迟野点头:“人多眼杂, 他要是混进来才麻烦。”
“我回头跟小紫他们说一下。”贺蓝颔首, 而后试探着问:“那啥,小紫说还想办个小点儿的舞会——呃,我发誓我拦过她!太二逼了真的!谁知道就是没拦住……你到时要不委屈一下, 满足一下人小姑娘的心愿……”
贺蓝越说越没底气。
迟野凉凉一眼看去:“你当我吃饱了撑的天天给人圆梦?”
贺蓝:“……”
“我带别人去,”迟野转身回到车旁,“正好让傅紫也清醒一下。”
贺蓝跟过去:“你真是没有感情的杀手——欸,你要带谁?”
迟野没搭理他,一阵风似的开车走了。
贺蓝站在原地大叫:“喂——!!你别告诉我你要带初衍啊——!!!”
**
翌日初衍不上班,醒来时已经快中午了。
她穿着一件宽松的大衬衫,赤脚走进浴室。镜子里映出纤细的身影,初衍对着镜子蹙眉,脸色很难看。
半个小时后,她后知后觉地发现自己好像有点低烧。
初衍头昏脑涨的,慢吞吞地重新倒回床上。被子盖过头,她又重新睡去。这一觉一直睡到了晚上,然后她发现自己烧得更厉害了。

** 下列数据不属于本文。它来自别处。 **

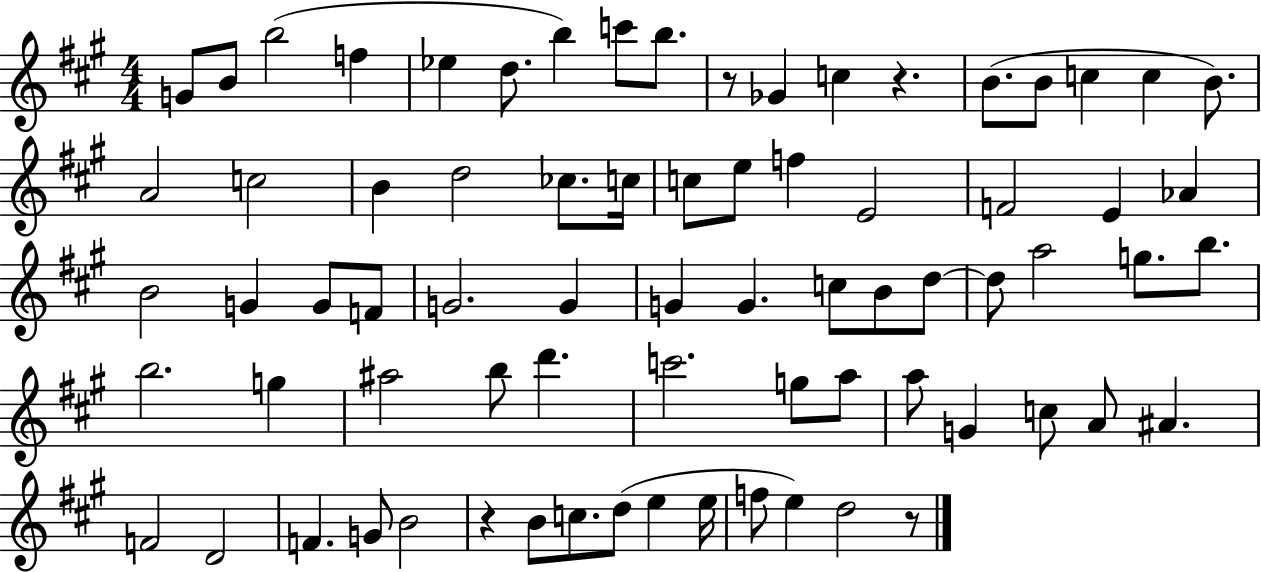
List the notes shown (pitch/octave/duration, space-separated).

G4/e B4/e B5/h F5/q Eb5/q D5/e. B5/q C6/e B5/e. R/e Gb4/q C5/q R/q. B4/e. B4/e C5/q C5/q B4/e. A4/h C5/h B4/q D5/h CES5/e. C5/s C5/e E5/e F5/q E4/h F4/h E4/q Ab4/q B4/h G4/q G4/e F4/e G4/h. G4/q G4/q G4/q. C5/e B4/e D5/e D5/e A5/h G5/e. B5/e. B5/h. G5/q A#5/h B5/e D6/q. C6/h. G5/e A5/e A5/e G4/q C5/e A4/e A#4/q. F4/h D4/h F4/q. G4/e B4/h R/q B4/e C5/e. D5/e E5/q E5/s F5/e E5/q D5/h R/e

一量体温,豁,快烧到39了。家里没退烧药,初衍犹豫着要不要去附近的药店买。可身上实在没力气,初衍想了半天,最终放弃,只靠着床在地板上坐下。
晕晕乎乎地坐了会儿,恍惚间,她听到一声开门声。
他来了?
初衍抬起头,果然看见迟野正开门进来。
迟野走进来,看到她坐在地上,眸中滑过一丝微讶。
“小野。”初衍揉揉眉心,有气无力道:“……你要是有空,帮我去买点药成吗?”
迟野站着没动,俯视着她:“你怎么了。”
“发烧。”初衍先是攀着床站起来,但她手脚没力气,很快又重新坐到床上,小声问:“可以吗?”
她多久没用这么软的声音跟他撒娇了?迟野眼睫微动。
但他没有答应,两步走到床边,俯身望住她因为生病而格外苍白疲倦的脸,缓缓勾起唇:“凭什么?”
初衍极快地蹙了下眉。
少年眼底全是漫不经心的调笑,他抬手捏住她小巧的下颌,“你这样子真少见,但我看厌了,不如省点力气去勾引别人。”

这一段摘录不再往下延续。